Low-income countries are struggling to cope with a systemic crisis of unprecedented scale
The Covid-19 crisis has highlighted the vulnerabilities of LICs to global shocks, largely due to their low level of development. Health risks remain significant, while vaccination programmes have barely started and are still underfunded. The risks of slow or fragmented spreading as well as local outbreaks appear to be higher than in advanced countries, due to the shortcomings of health systems. They add, due to possible cross-epidemic effects, to the heavy epidemiological burden, especially for the most vulnerable populations.
The long-term socio-economic consequences are expected to be particularly severe in developing countries, especially in sub-Saharan Africa (SSA). Even though the economic recession has been more subdued on average in LICs, the crisis is causing delays in growth, making it difficult to achieve sustainable development goals. According to the IMF's April 2021 forecast, per capita GDP is set to fall by 1.6% in SSA in 2020-21, while it is expected to rise in the rest of the world (see Chart 1). This divergence can be partly explained by low fiscal (50% of LICs are at high risk of debt distress) and monetary leeway, due to external constraints. In addition to the initial rise in poverty, longer-term effects on human development are anticipated due to increased malnutrition, worsening access to health systems, and loss of education due to school closures, leading to the worsening of poverty traps.
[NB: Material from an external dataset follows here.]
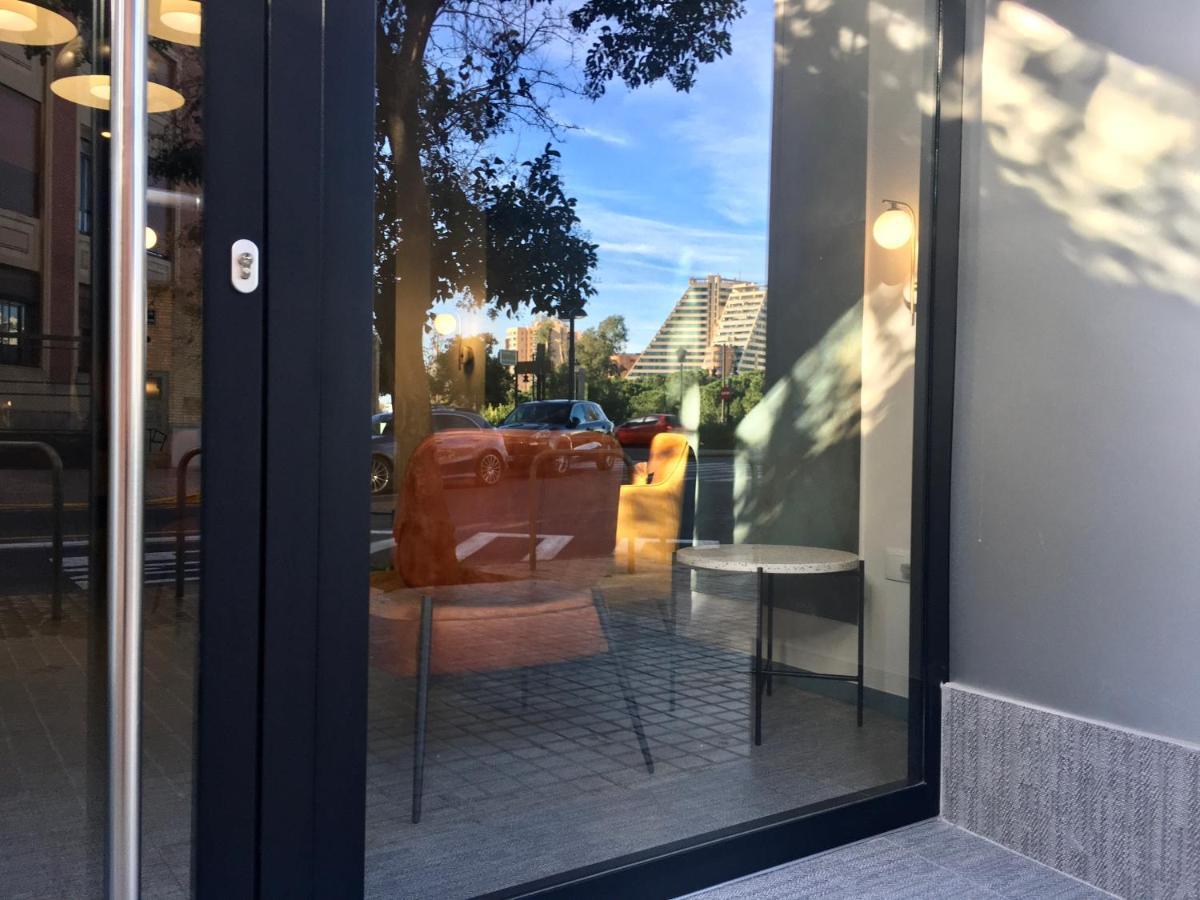 Hotel Md Modern - Jardines Valence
In view of the risks of long-term damage to LICs, there is a case for rapidly strengthening the IMF's financial safety net. Its aim is to meet the sharp escalation in their financial needs (USD 450 billion by 2025 according to the IMF), generated by a crisis of unprecedented magnitude and of systemic nature. It can also, in the longer term, contribute to reducing the vulnerability of LICs caused by climate change, among which the expected rise in epidemic risks is only one aspect.
An enhanced but still insufficient financial safety net for LICs
A financial safety net centred on LICs was developed by the IMF in the wake of the 1997 and 2009 crises. In 1999, the IMF's Enhanced Structural Adjustment Facility (ESAF) was replaced by the Poverty Reduction and Growth Facility (PRGF), at a subsidised rate (currently 0%). Unlike the ESAF, whose conditionality was based primarily on stabilisation and structural adjustment objectives, the PRGF is based on economic and social development objectives and poverty reduction strategies in coordination with the multilateral development banks. These programmes have also been associated with major debt restructurings under the Heavily Indebted Poor Countries Initiative. Financed by voluntary contributions, loans and grants from member countries, the PRGF has been significantly strengthened since 2009, both financially, notably through the reallocation of SDRs from rich countries including France, and operationally through a reform of its concessional financing facilities.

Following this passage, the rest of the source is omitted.